*THE PROBLEM*: Exact repetition of a range: find the line containing "Two runners, wearing" and the line containing "Smiling woman in passenger seat in car" in the material below, then repeat both and all lines between them, leaving pictures out.

*RECORD EXTRACTS*:
————————
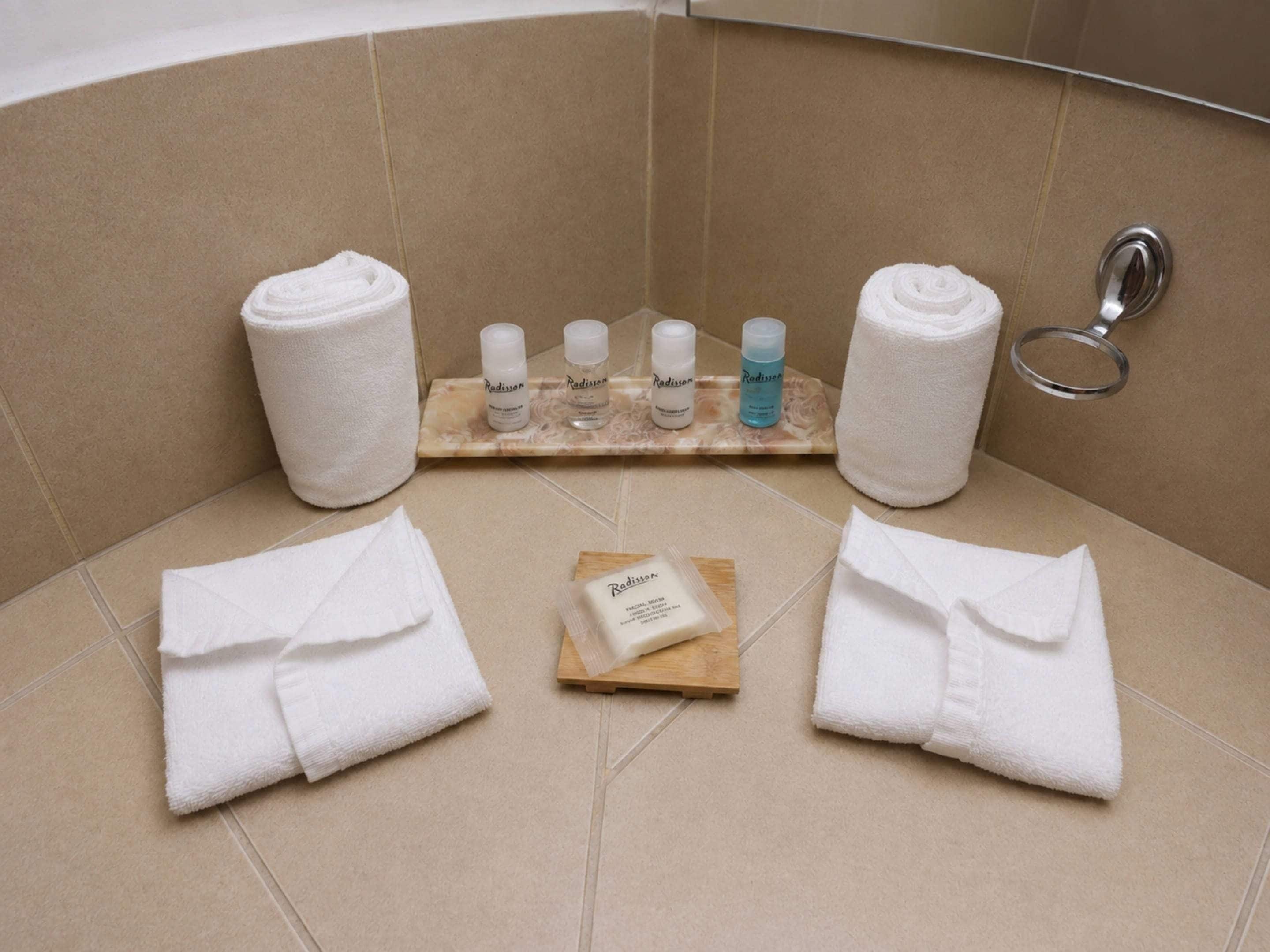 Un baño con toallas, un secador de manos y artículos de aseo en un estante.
————————
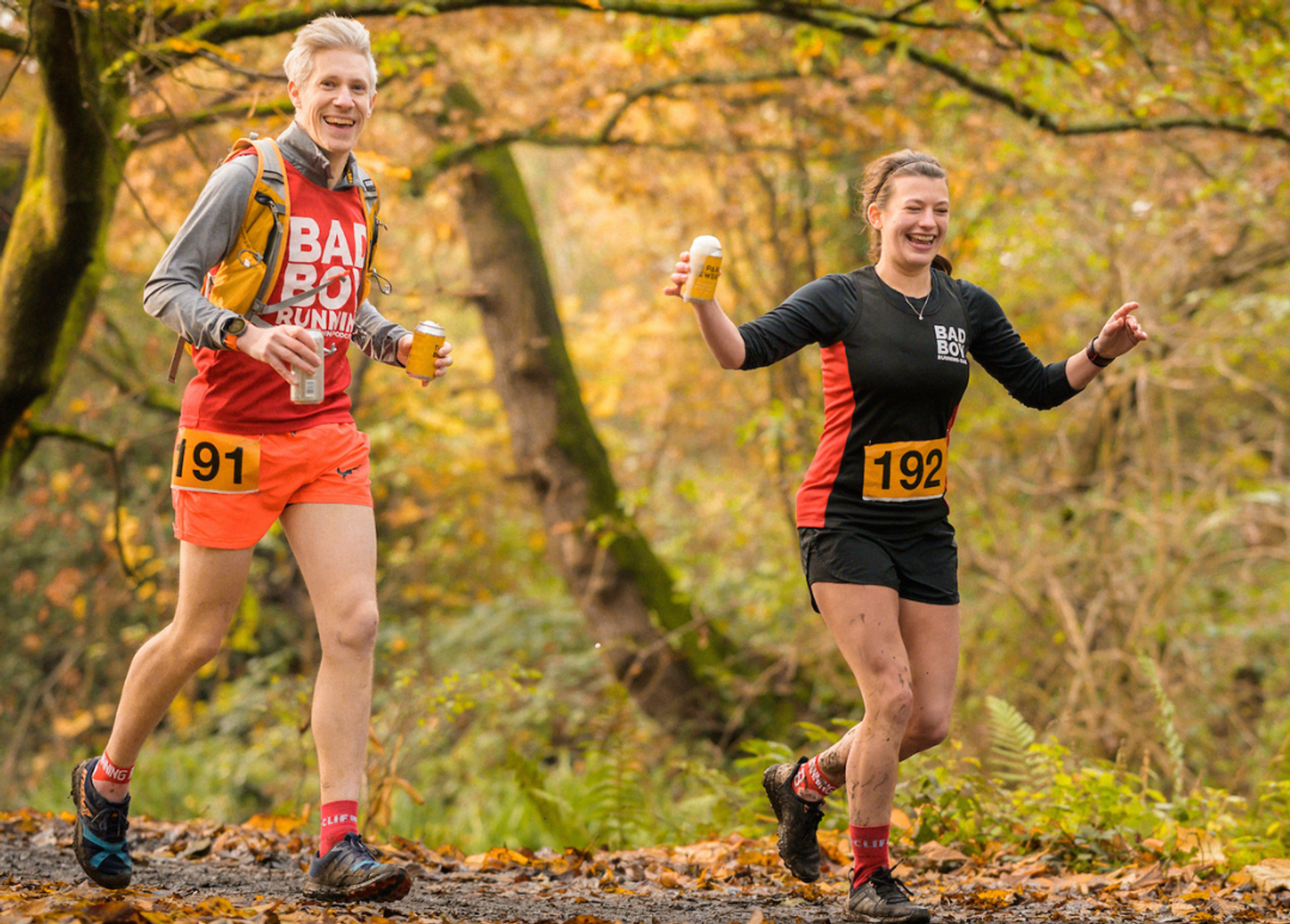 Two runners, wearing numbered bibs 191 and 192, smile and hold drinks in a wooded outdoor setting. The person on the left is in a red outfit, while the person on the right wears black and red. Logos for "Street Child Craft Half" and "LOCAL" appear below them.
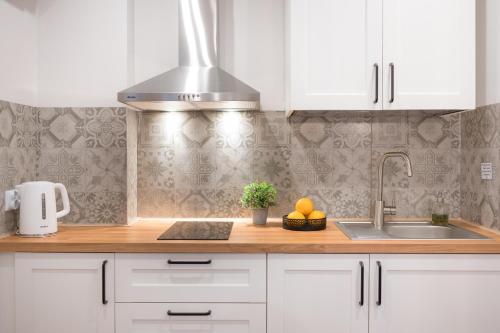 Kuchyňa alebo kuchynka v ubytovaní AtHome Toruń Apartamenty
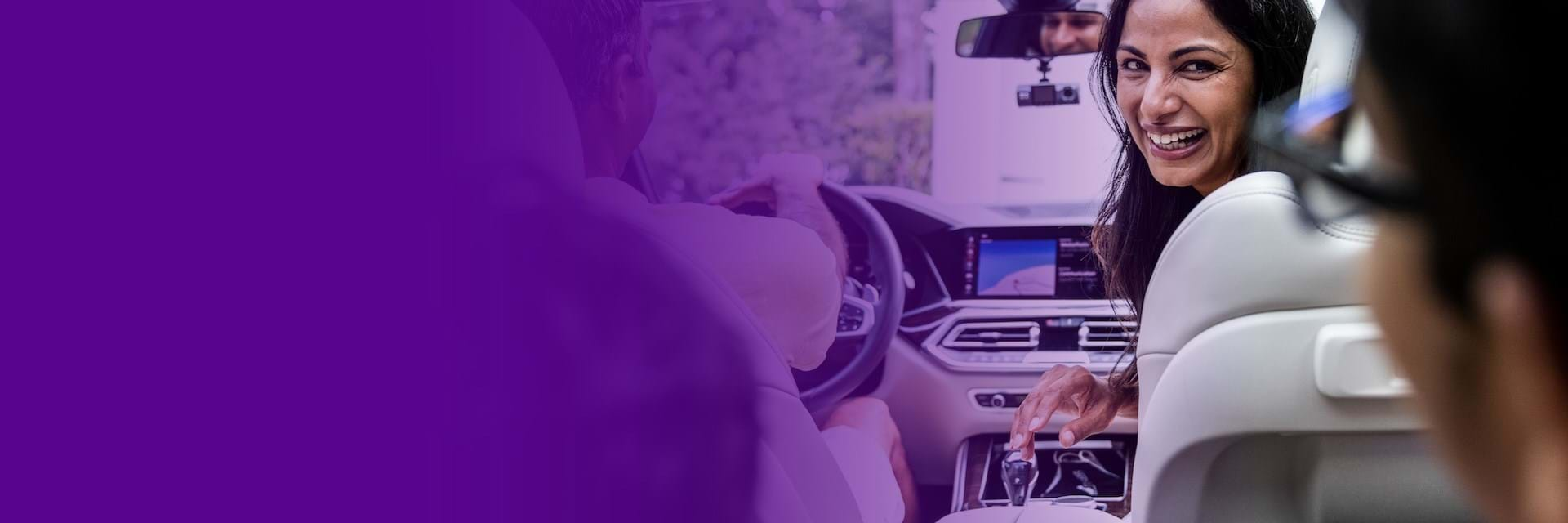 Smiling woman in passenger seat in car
————————
*OUTPUT OF THE EXERCISE*:
 Two runners, wearing numbered bibs 191 and 192, smile and hold drinks in a wooded outdoor setting. The person on the left is in a red outfit, while the person on the right wears black and red. Logos for "Street Child Craft Half" and "LOCAL" appear below them.
 Kuchyňa alebo kuchynka v ubytovaní AtHome Toruń Apartamenty
 Smiling woman in passenger seat in car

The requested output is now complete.